**Extracted material:**

Content starts

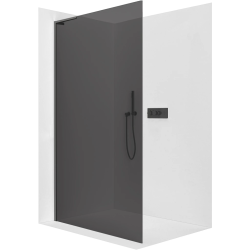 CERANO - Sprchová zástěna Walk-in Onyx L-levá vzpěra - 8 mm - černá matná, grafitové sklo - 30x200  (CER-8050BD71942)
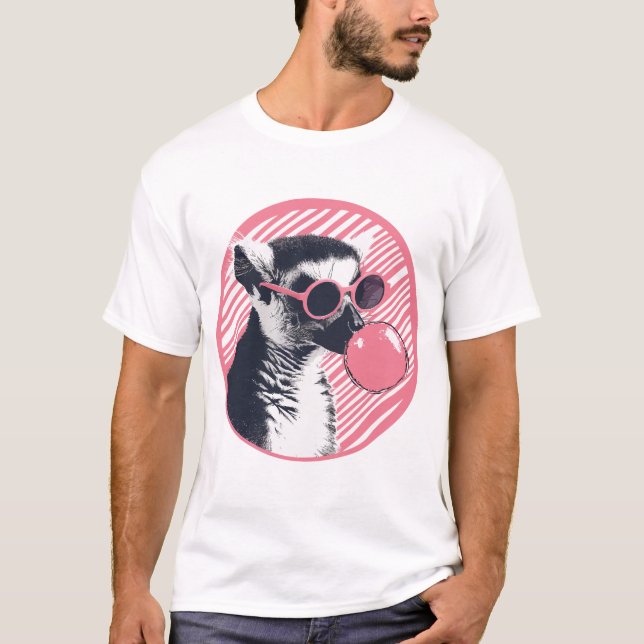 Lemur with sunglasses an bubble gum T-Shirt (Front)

Content ends
Content starts

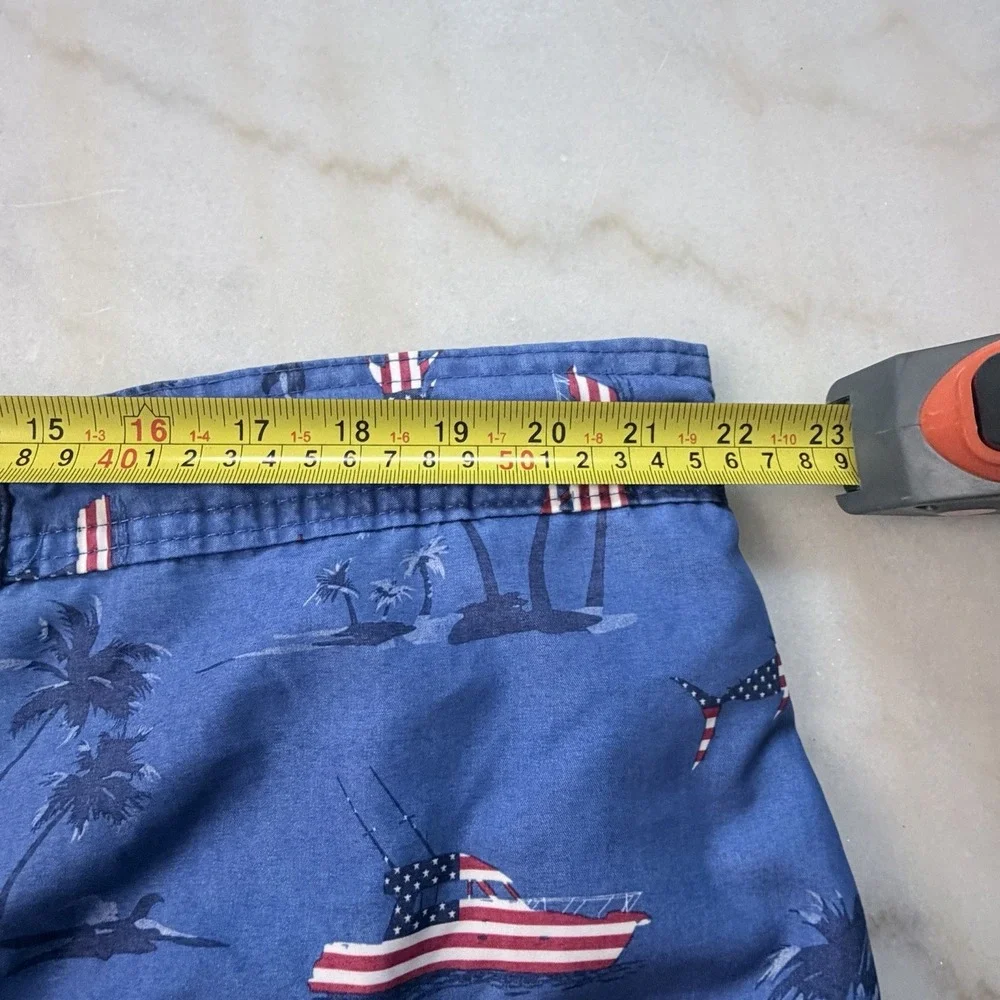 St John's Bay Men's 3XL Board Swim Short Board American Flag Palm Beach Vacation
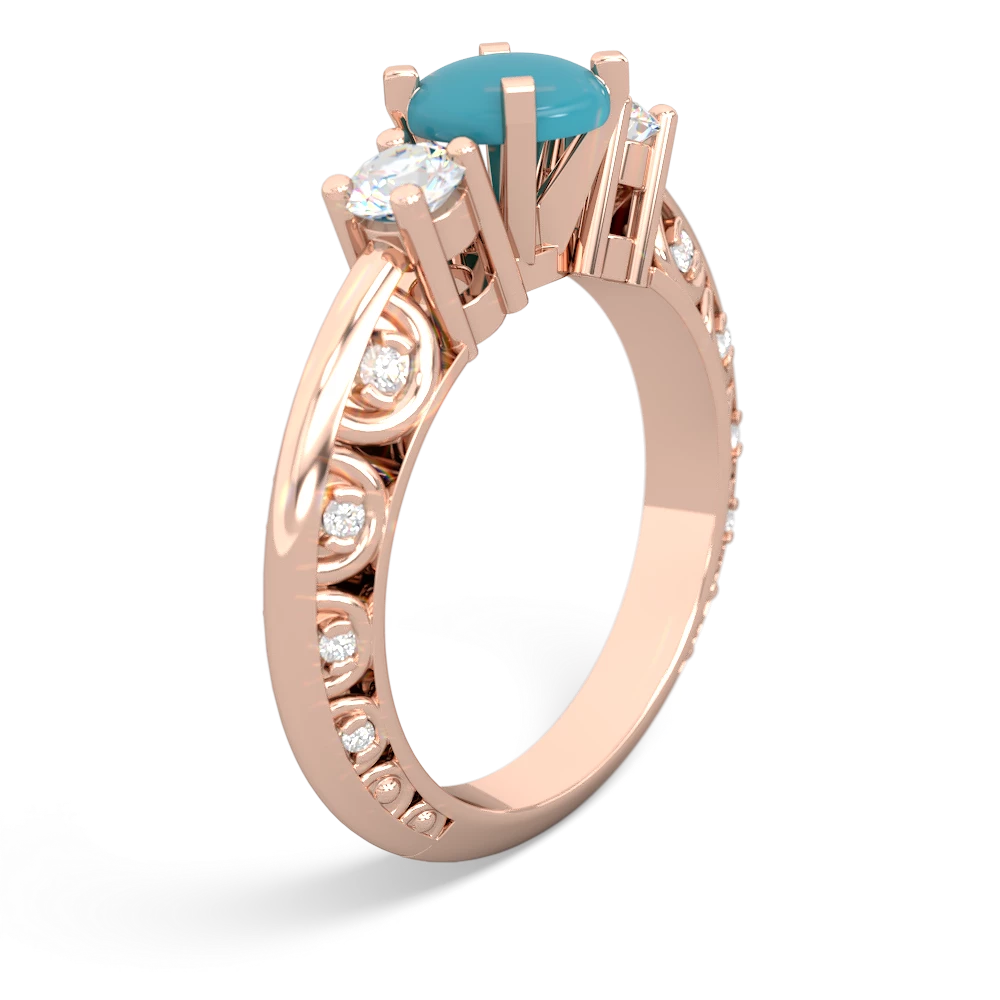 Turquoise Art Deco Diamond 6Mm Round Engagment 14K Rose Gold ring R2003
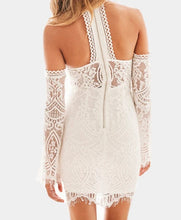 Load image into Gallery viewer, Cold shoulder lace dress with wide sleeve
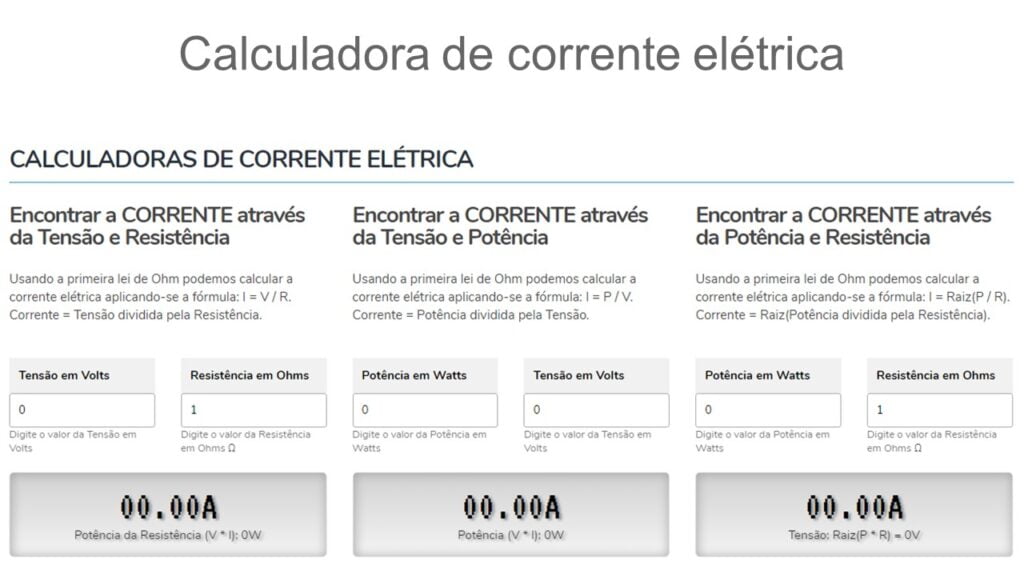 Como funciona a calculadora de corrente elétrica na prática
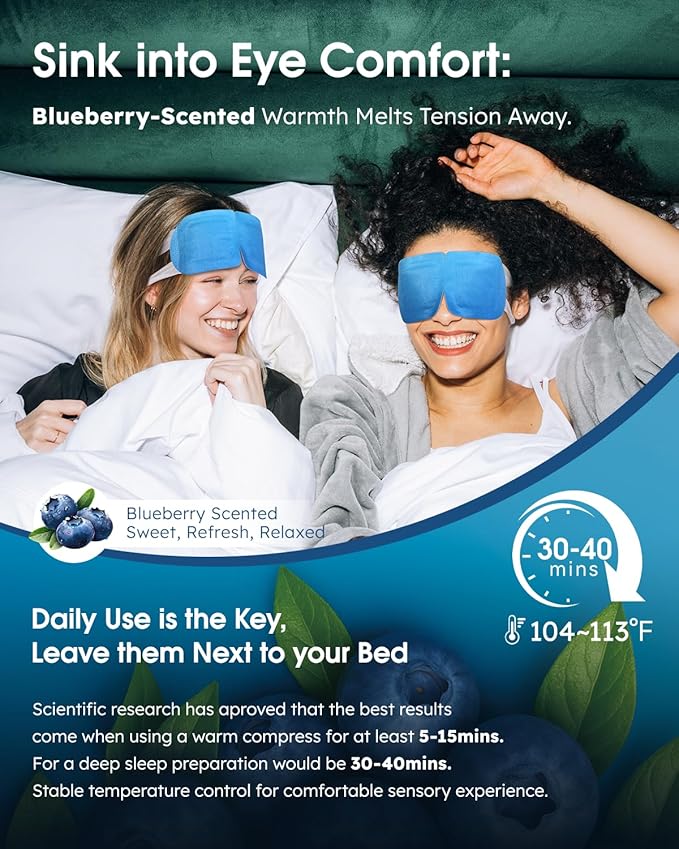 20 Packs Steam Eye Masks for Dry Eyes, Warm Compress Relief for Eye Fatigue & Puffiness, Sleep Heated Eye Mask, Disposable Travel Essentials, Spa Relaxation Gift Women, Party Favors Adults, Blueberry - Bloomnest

Content ends
Content starts

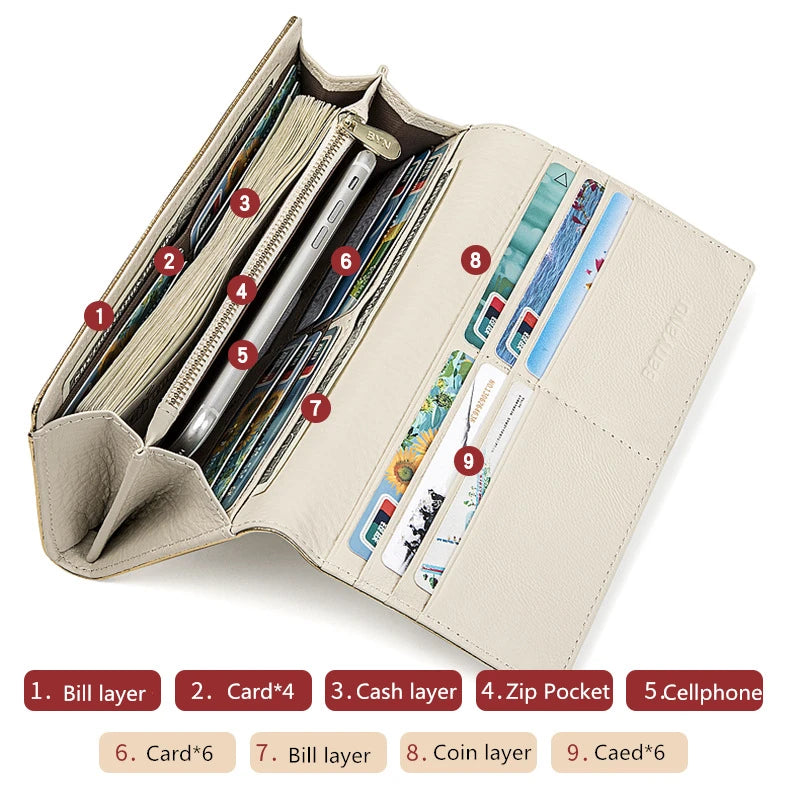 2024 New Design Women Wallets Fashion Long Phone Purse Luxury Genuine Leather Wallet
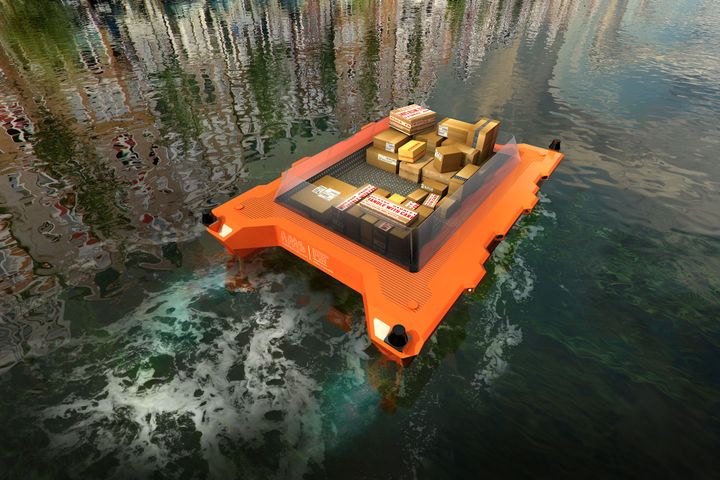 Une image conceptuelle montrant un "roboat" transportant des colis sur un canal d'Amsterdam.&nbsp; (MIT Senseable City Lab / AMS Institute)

Content ends

**What to do:** Beginning at the line that has "Turquoise Art Deco" and ending at the line that has "20 Packs Steam", restate the listing above word for word, pictures left out.

**Response area:**
 Turquoise Art Deco Diamond 6Mm Round Engagment 14K Rose Gold ring R2003
 Load image into Gallery viewer, Cold shoulder lace dress with wide sleeve
 Como funciona a calculadora de corrente elétrica na prática
 20 Packs Steam Eye Masks for Dry Eyes, Warm Compress Relief for Eye Fatigue & Puffiness, Sleep Heated Eye Mask, Disposable Travel Essentials, Spa Relaxation Gift Women, Party Favors Adults, Blueberry - Bloomnest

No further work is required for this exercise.